ASSIGNED TASK
When you copy the listing, reproduce each line as it appears and omit every image.

*** PROVIDED DATA ***

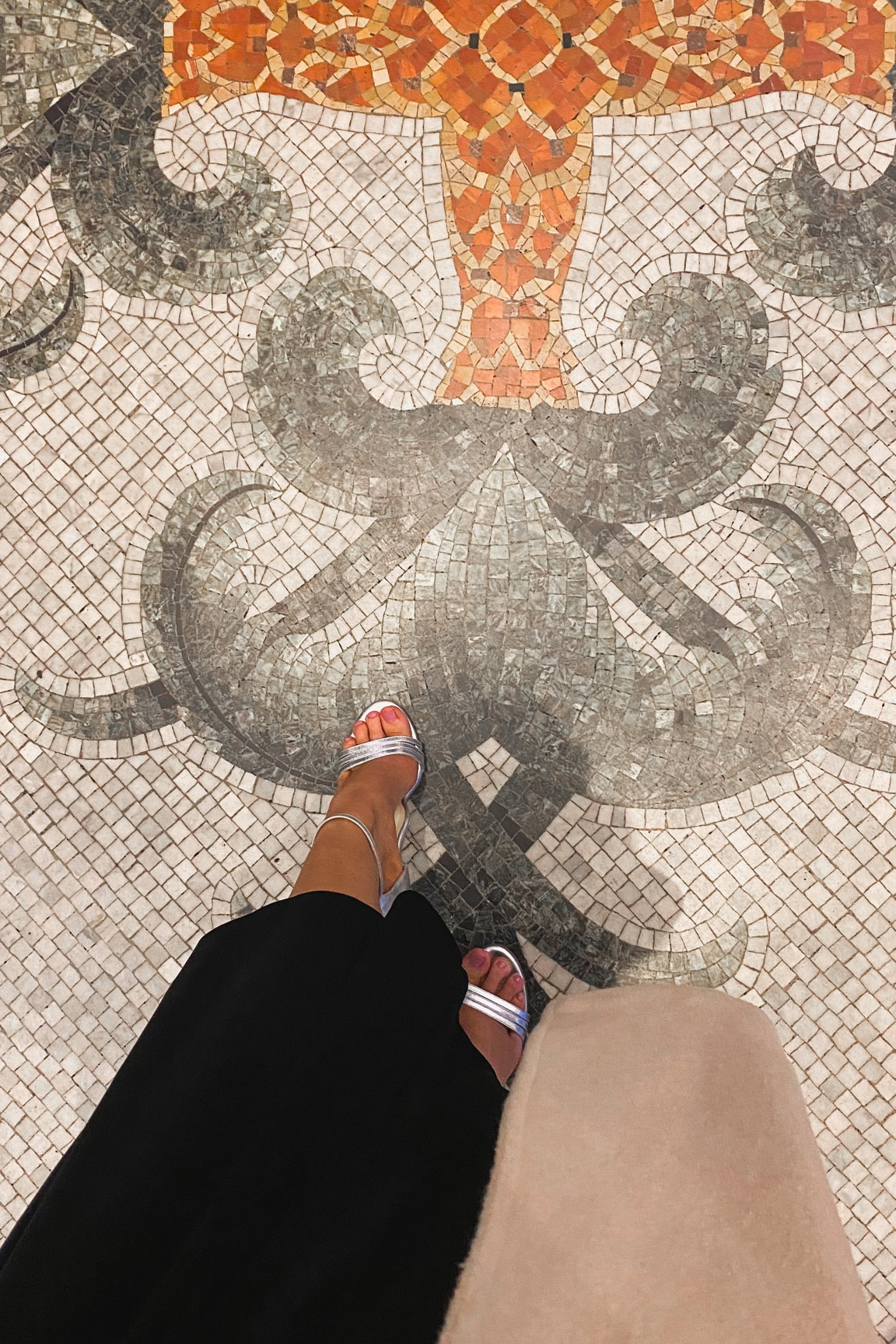 For the upcoming holiday parities or a festive ball 🎄 I paired my Sarah Flint Perfect Sandal 85 with my mother’s vintage black velvet dress and a vintage fur coat. Something old + something new = something classic ✨ Use my code for $50 off your first pair of Sarah Flints: 
SARAHFLINT-BACOLSIECOTTAGE

#LTKHoliday #LTKstyletip #LTKshoecrush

*** End of PROVIDED DATA ***

RESPONSE
 For the upcoming holiday parities or a festive ball 🎄 I paired my Sarah Flint Perfect Sandal 85 with my mother’s vintage black velvet dress and a vintage fur coat. Something old + something new = something classic ✨ Use my code for $50 off your first pair of Sarah Flints: 
SARAHFLINT-BACOLSIECOTTAGE

#LTKHoliday #LTKstyletip #LTKshoecrush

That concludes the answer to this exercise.